+++ RECORDS PROVIDED

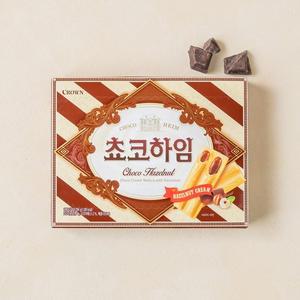 크라운쵸코하임 18개입 284g
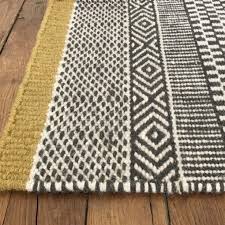 Tapis Design Triptik Gris Et Moutarde Ce Tapis Au Graphisme Epure Apporte Une Touche Design Inedite A Votre Interieur Place Dan Tapis Design Tapis Gris Tapis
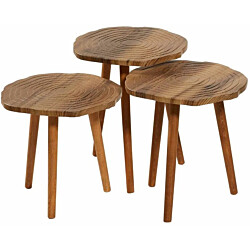Sarjapöytä Linento Furniture Tuval 080, pähkinä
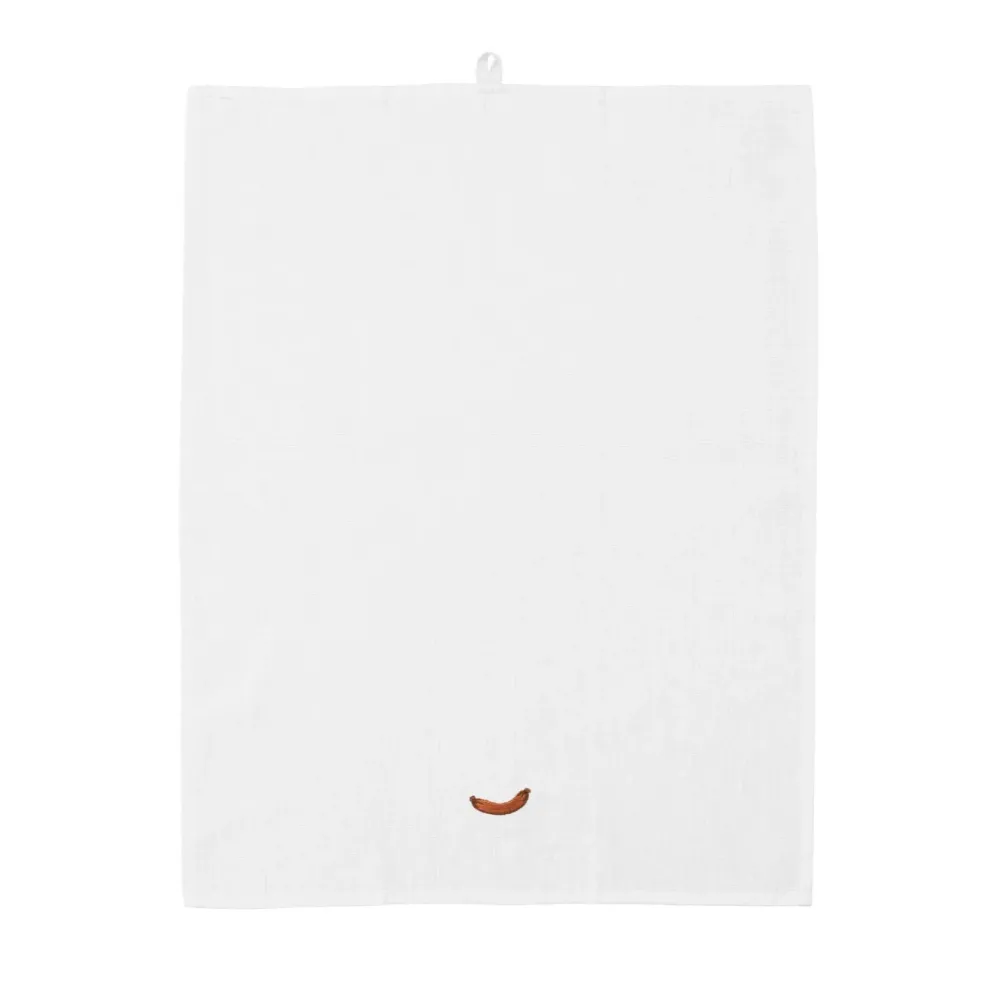 Yummy viskestykke, Sausage - 50x70 cm.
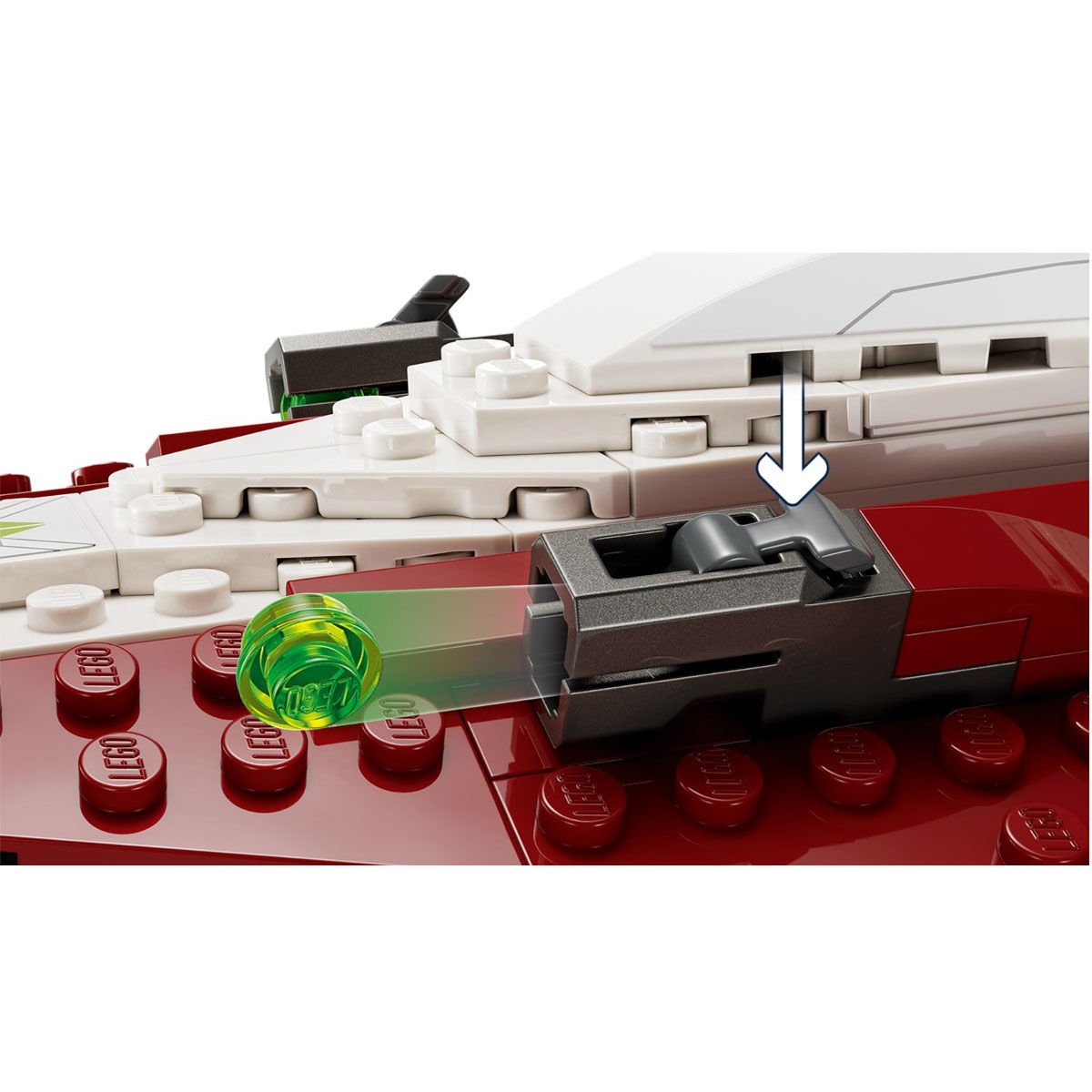 75333 Lego Star Wars Obi-Wan Kenobinin Jedi Starfighterı 282 parça +7 yaş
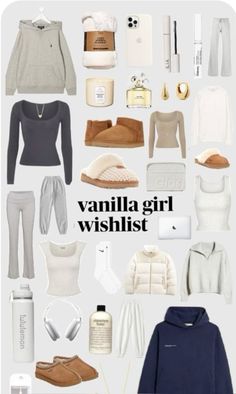 Vanilla Girl Wishlist, Girl Wishlist, Vanilla Girl, Cute Lazy Day Outfits, Outfit Inspo Casual, Lazy Day Outfits, Cute Preppy Outfits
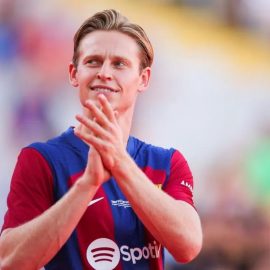 Frenkie de Jong Is The Highest Paid Player In La Liga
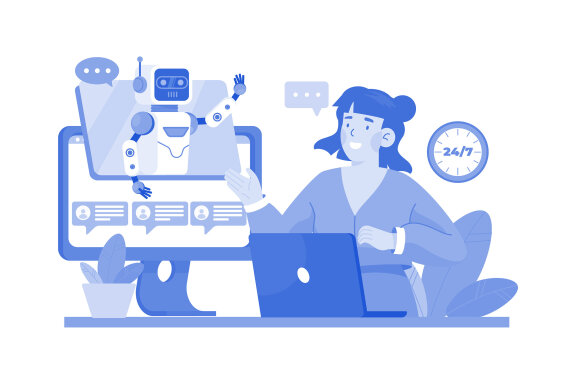 M737_Artificial intelligence Illustration Pack 1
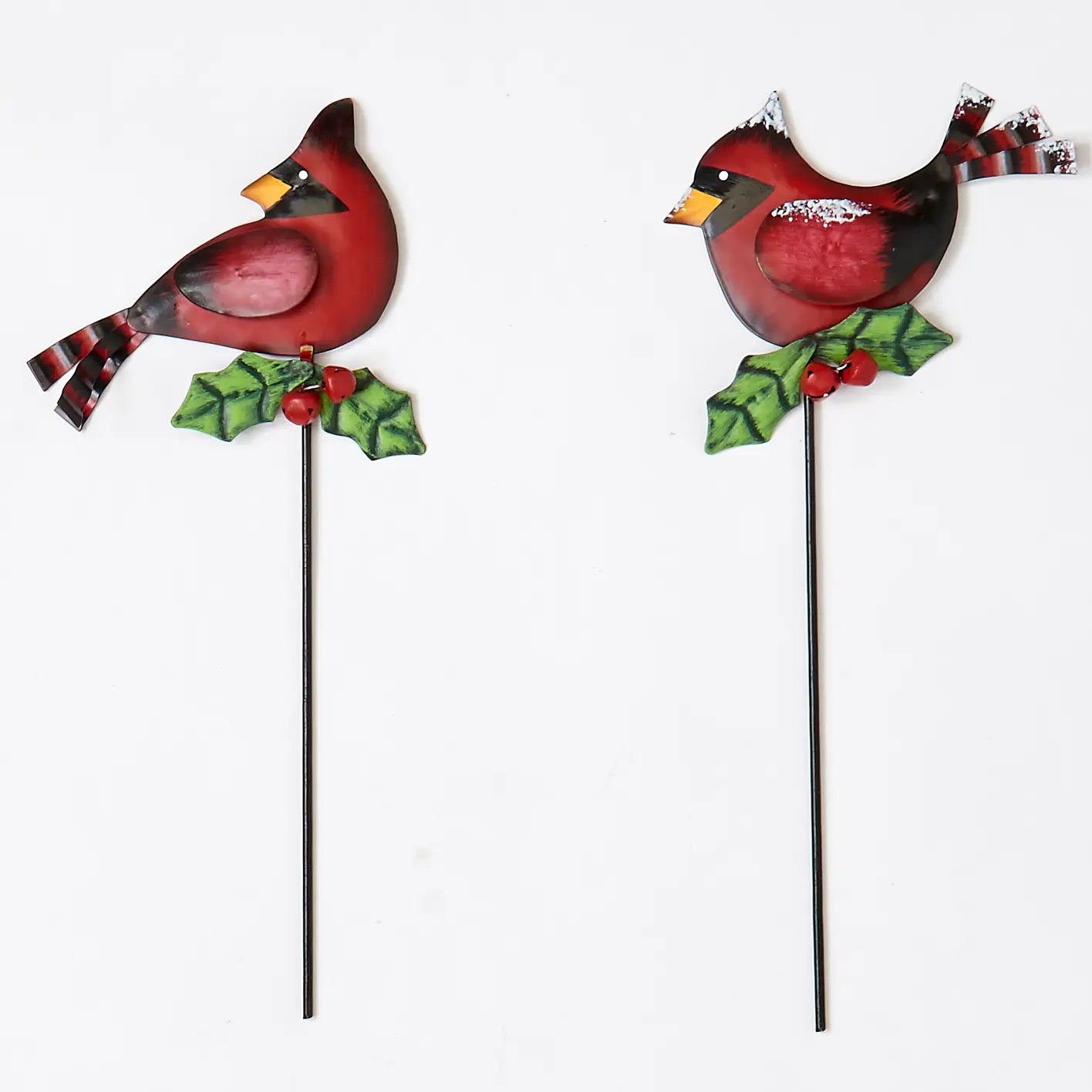 20" Metal Cardinal Stake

++++++

- WORK TO COMPLETE
Repeat word for word, leaving out the pictures, each line of the records from the line that holds "Tapis Design Triptik" through the final one.

- EXERCISE RESULT
 Tapis Design Triptik Gris Et Moutarde Ce Tapis Au Graphisme Epure Apporte Une Touche Design Inedite A Votre Interieur Place Dan Tapis Design Tapis Gris Tapis
Sarjapöytä Linento Furniture Tuval 080, pähkinä
 Yummy viskestykke, Sausage - 50x70 cm.
 75333 Lego Star Wars Obi-Wan Kenobinin Jedi Starfighterı 282 parça +7 yaş
 Vanilla Girl Wishlist, Girl Wishlist, Vanilla Girl, Cute Lazy Day Outfits, Outfit Inspo Casual, Lazy Day Outfits, Cute Preppy Outfits
 Frenkie de Jong Is The Highest Paid Player In La Liga
 M737_Artificial intelligence Illustration Pack 1
 20" Metal Cardinal Stake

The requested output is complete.